EXERCISE PROMPT: From the data that follows, set down exactly the lines from the one with "REISS Dana Tie" through the one with "NWT Zara purple", counting both. Pictures stay out.

RECORDS TO USE:
------------------------------------

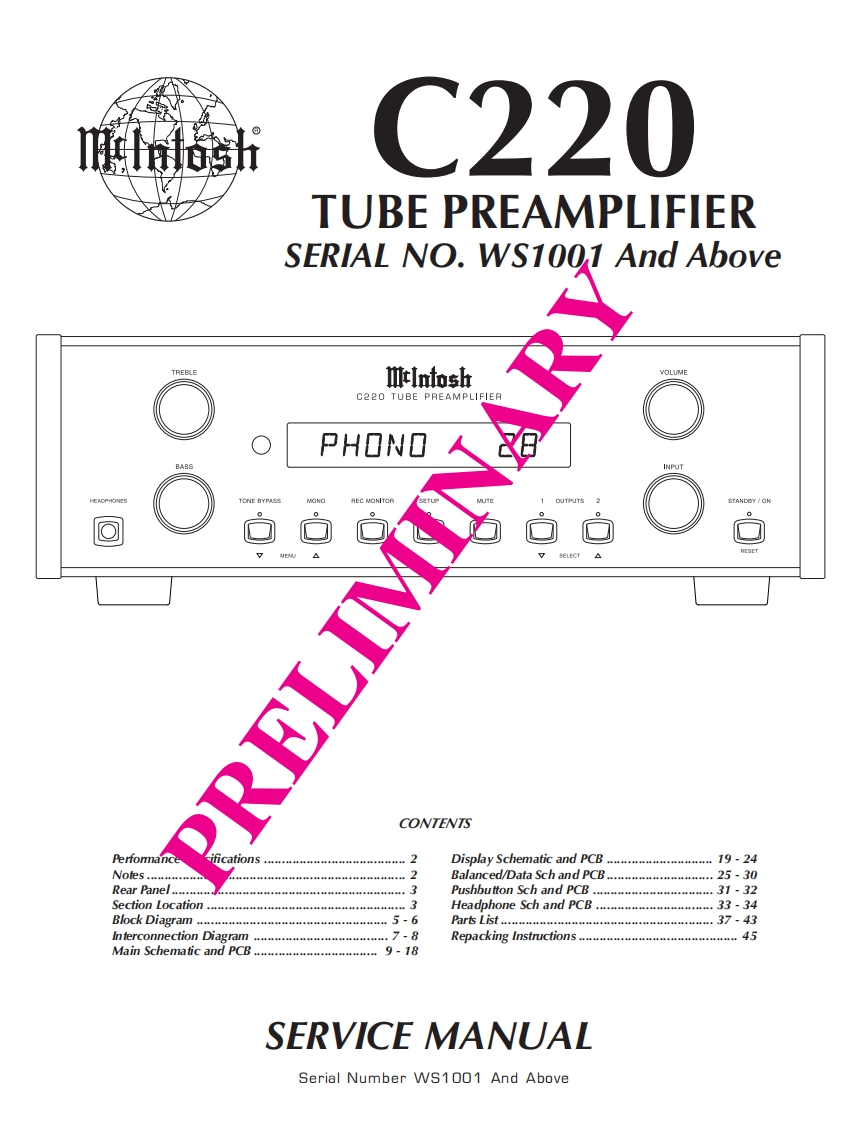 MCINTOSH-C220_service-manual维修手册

------------------------------------

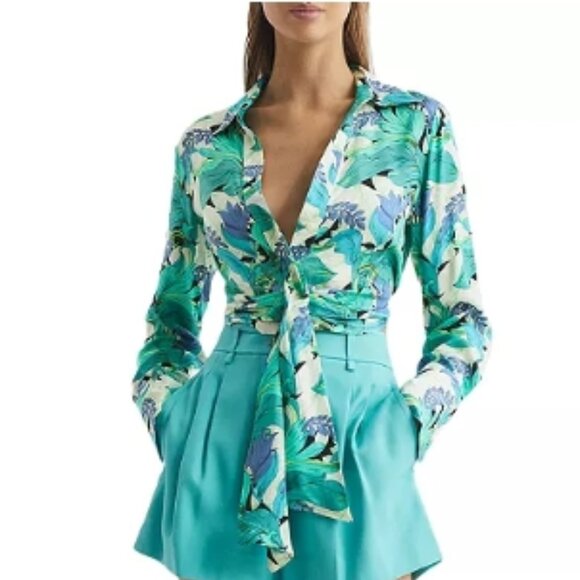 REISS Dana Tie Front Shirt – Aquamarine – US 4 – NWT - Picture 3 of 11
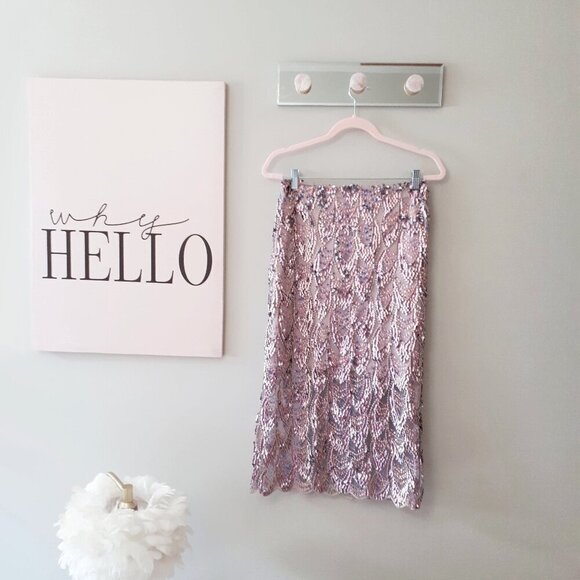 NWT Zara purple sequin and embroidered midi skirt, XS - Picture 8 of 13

------------------------------------

OUTPUT OF THE EXERCISE:
 REISS Dana Tie Front Shirt – Aquamarine – US 4 – NWT - Picture 3 of 11
 NWT Zara purple sequin and embroidered midi skirt, XS - Picture 8 of 13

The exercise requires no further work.